→ **PROBLEM REQUIREMENTS**
The copy must run from the line containing "Duvar Dekoru Kapı" through the final line of the records, both included, exactly as written. It should contain no pictures.

START SUPPLIED INFORMATION

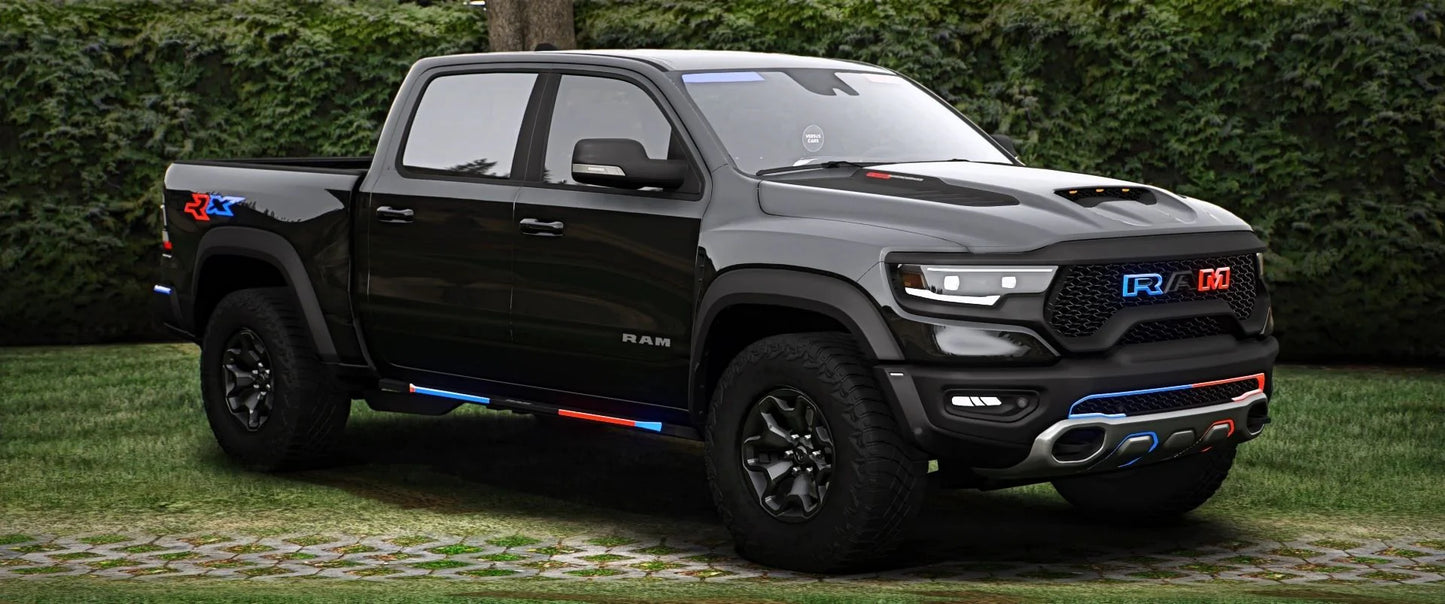 Dodge RAM 1500 TRX 2022 Police Modern Lights | Versus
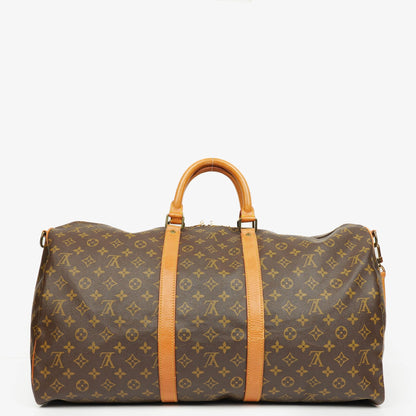 Louis Vuitton Keepall 55 Bandoulière Reisetasche aus Monogram Canvas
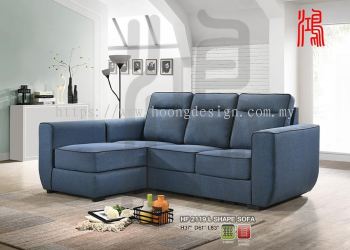 HF 2119 L Shape Linen Fabric Sofa Set PRE-ORDER 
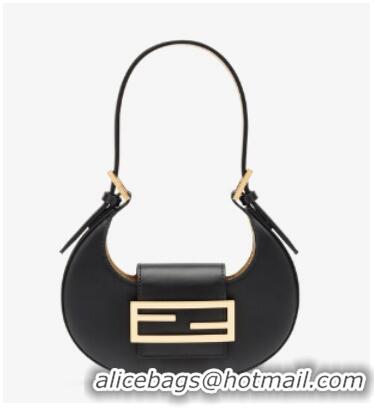 Promotional Fendi Cookie black leather mini bag 8BS065A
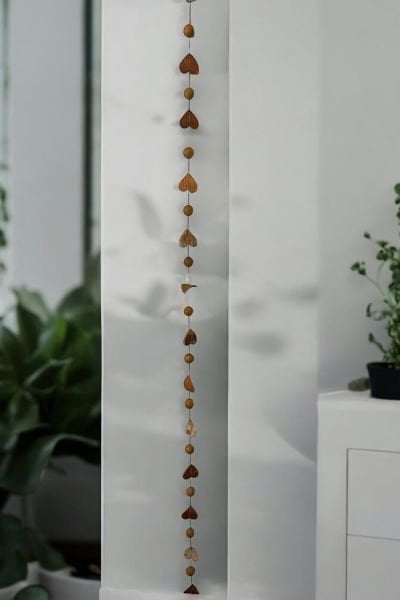 Duvar Dekoru Kapı Süsü Garland Handmade Natural 150cm Love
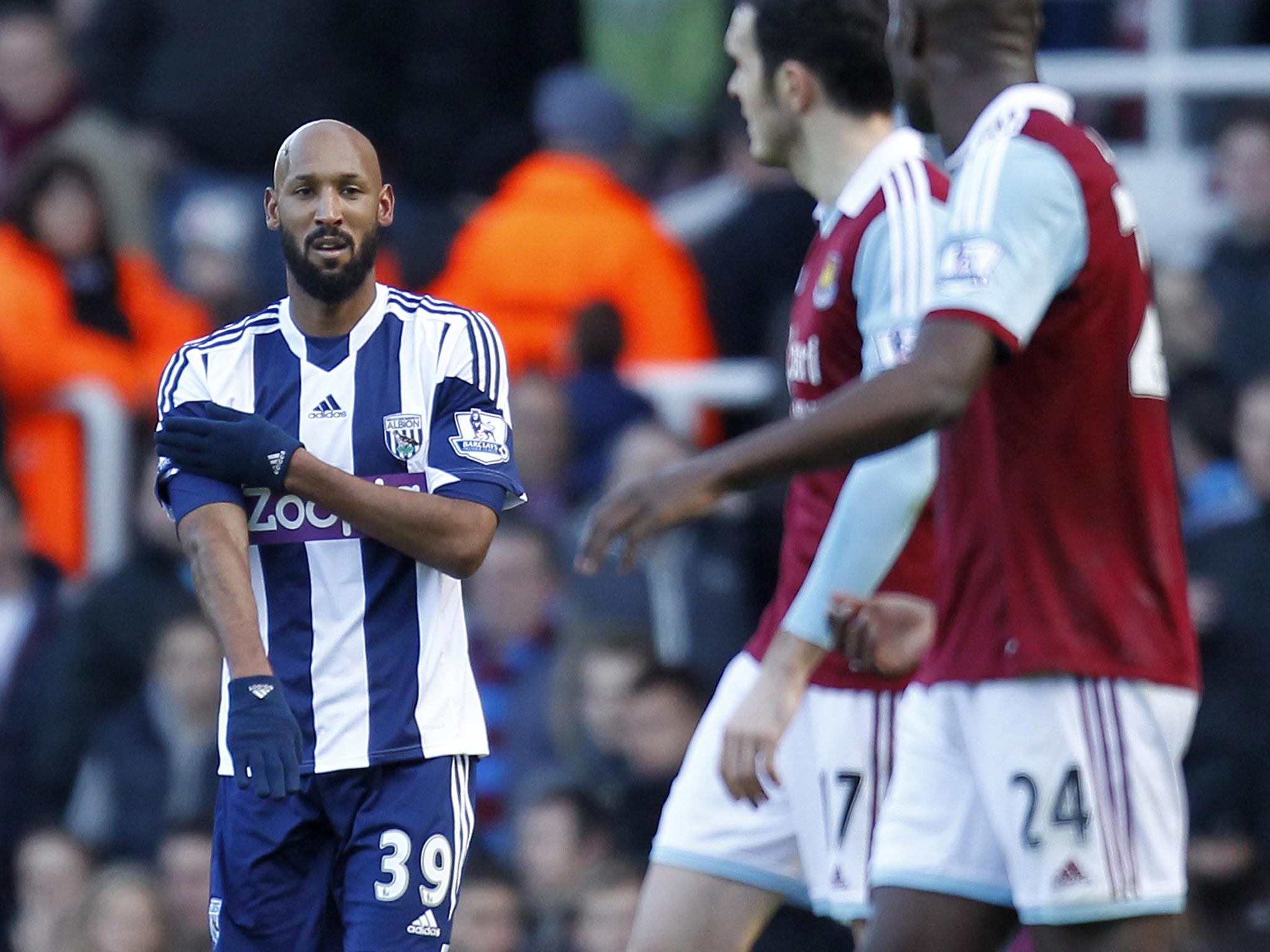 Nicolas Anelka’s ‘quenelle’, for which he was banned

END SUPPLIED INFORMATION

→ **RESULT OF THE EXERCISE**
 Duvar Dekoru Kapı Süsü Garland Handmade Natural 150cm Love
 Nicolas Anelka’s ‘quenelle’, for which he was banned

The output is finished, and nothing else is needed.